With the great power competition between the United States and China set to gain momentum in 2019, China's detente with the Philippines will become increasingly important. As in mainland Southeast Asia, Central Asia and elsewhere, China's ability to leverage its massive economic heft to its strategic advantage will be critical.

For Beijing, the warmer relations with Manila align with its preference for dealing with each of the South China Sea's claimants on a bilateral basis, along with its overall regional strategy to leverage its economic heft for strategic advantage, embodied especially in its sprawling Belt and Road Initiative. As Duterte nears the midpoint of his term in office (he will remain in power until 2021), the jury is still out on whether his approach has been a success – and whether it will be politically sustainable. Despite two high-profile state visits and a raft of pledges, Chinese investment has yet to flow into the archipelago. Ultimately, if China wants to wield long-term influence in the Philippines, it will need to deliver on the ground.

Promises Given

Duterte wasted no time in making overtures to Beijing. Just three months after assuming office in June 2016, he visited China, where he bombastically heralded his country's "separation from the United States" and the resumption of bilateral talks with Beijing on the South China Sea after a four-year hiatus. For its part, China lifted an embargo on Philippine fruit, while promising an influx of tourists to the island nation. The two sides also signed around $24 billion in credit and investment pledges that included $5.5 billion for infrastructure, a $3 billion business credit line, a $1 billion hydropower project, as well as a $700 million steel plant and $780 million port project in Duterte's hometown, Davao City.

In May 2017, Duterte traveled to China once again to attend the inauguration of the Belt and Road Initiative. Eleven months later, Duterte returned to China, while Chinese President Xi Jinping reciprocated in November 2018, conducting the first Chinese state visit to the Philippines in 13 years. During Xi's trip, Beijing and Manila signed 29 agreements on cooperation that included deals on further investment and credit, joint energy development in the South China Sea and the Philippines' formal accession to the Belt and Road Initiative. Xi also invited Duterte to pay his fourth visit to China in 2019 to attend a forum on the Belt and Road.

Beijing's pledges are meant to serve as a cornerstone of Manila's ambitious infrastructure push. In 2017, the Asian Development Bank ranked the Philippines 112th out of 138 countries in infrastructure quality, noting that even the core island of Luzon suffered serious infrastructure problems.

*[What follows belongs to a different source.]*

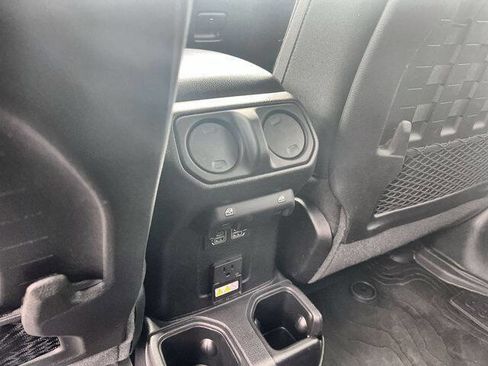 Used 2019 Jeep Wrangler Unlimited Rubicon w/ Safety Group image 20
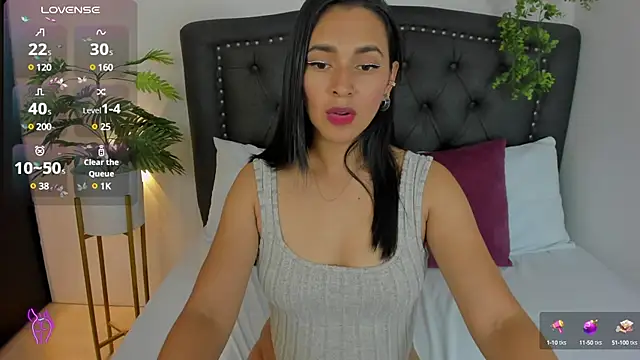 Snapshot of abril_71 chatting on March 5, 2025, 2:46 am abril 71 online show from March 5, 2025, 2:46 am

Duterte has made infrastructure upgrades a central plank of his political program, while pledging to ameliorate uneven infrastructure development in the rest of the country as well. Launched early in his tenure, Duterte's Build Build Build initiative aims to conduct $160 billion to $180 billion in new infrastructure improvements through 2022. Since coming to power, Duterte has indeed raised infrastructure spending from a mere 2.7 percent of gross domestic product between 2011 and 2015 to 6.3 percent of GDP at the start of 2018. (The president's original goal was for 7 percent of GDP by 2019.) But given that only 13 percent of Philippine infrastructure investment came from foreign sources — as opposed to nearly 40 percent in Vietnam — Duterte will require much more investment from abroad if he is to attain his goal. In the 75 projects earmarked for Build Build Build, the Philippines is expecting Chinese funding in around half of them.

Promises Kept?

Despite the formidable pledges, however, much of this Chinese largesse has yet to materialize. In 2017, the Philippines' top five sources of foreign direct investment (FDI) were Japan (30.3 percent), Taiwan (10.3 percent), Singapore (9.6 percent), the Netherlands (9.1 percent) and the United States (8.3 percent). China, by contrast, has only managed to deliver on a small proportion of its total figure: a $73 million irrigation project and headway on two bridges totaling $75 million.

This chart depicts the main sources of foreign direct investment to the Philippines.

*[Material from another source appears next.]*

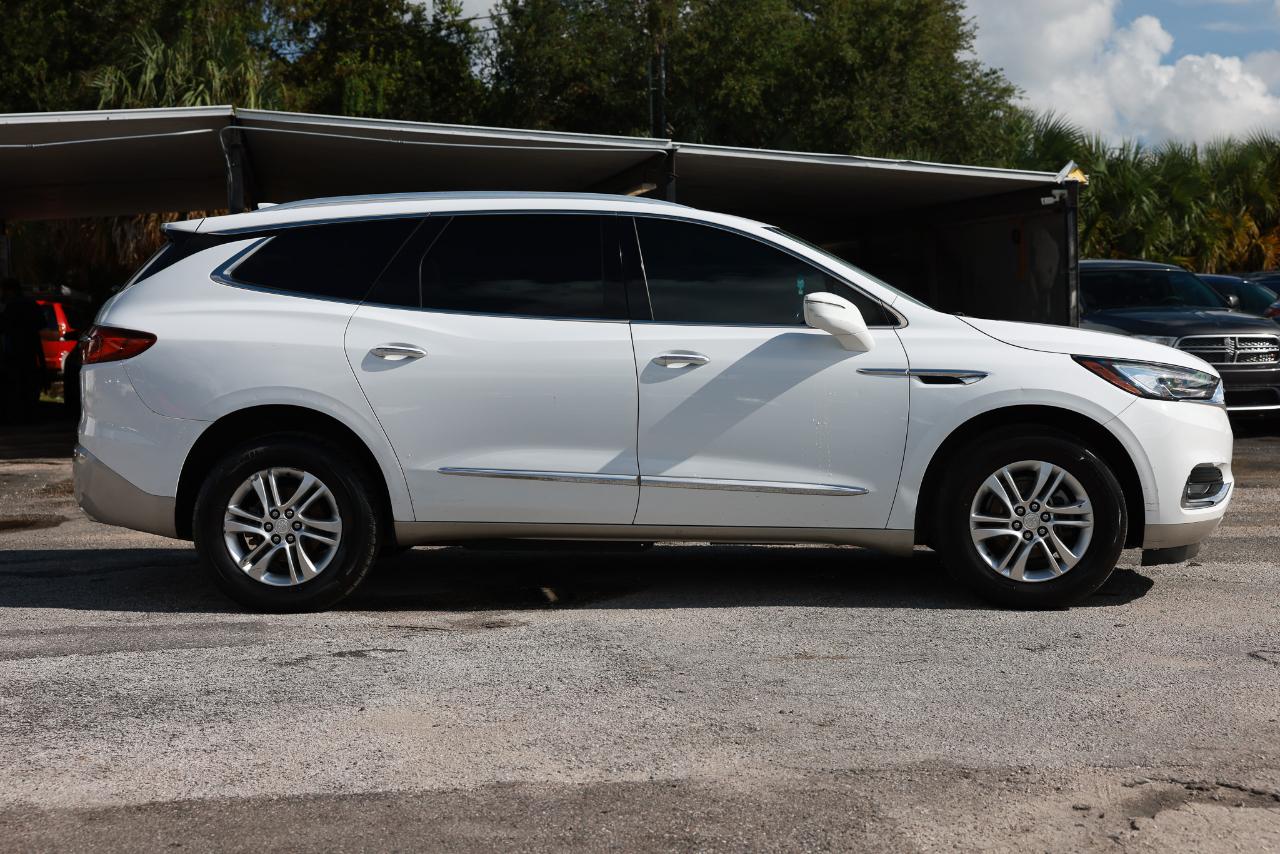 Buick Enclave photo 13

In fact, China's FDI share in the Philippines constituted just 2.2 percent of the total in 2017, putting it 14th — about on par with levels over the past seven years. Put another way, it is the United States and its allies, like Japan, South Korea, Australia and Taiwan, that have heretofore made the bulk of investments (56 percent) in the Philippines, rather than China.

While Philippine media have been awash in stories about China's ostensible decision to renege on its promises, the lack of investment stems largely from the island country's internal issues. For example, the local Davao government backed out of a China Harbour Engineering Co. project to develop the island's coastline and port in 2017, citing environmental and economic viability concerns. Elsewhere, a Philippine company that was set to partner with China Harbour Engineering also abandoned a project to reclaim land for the Manila Harbour Centre project. Meanwhile, a prospective $700 million stainless steel plant that would have featured a joint venture between a local company and China's Baiyin Nonferrous Group is currently on hold because of the Philippines' blanket ban on new mining projects.

The Asian Development Bank has cited the Philippines' elaborate feasibility study process as a barrier to investment flows; anecdotal evidence also suggests this has hamstrung or delayed much of China's investment. Additionally, continued political uncertainty in the southern island of Mindanao in the wake of the high-profile Islamic State takeover of the local city of Marawi has put infrastructure projects there in question.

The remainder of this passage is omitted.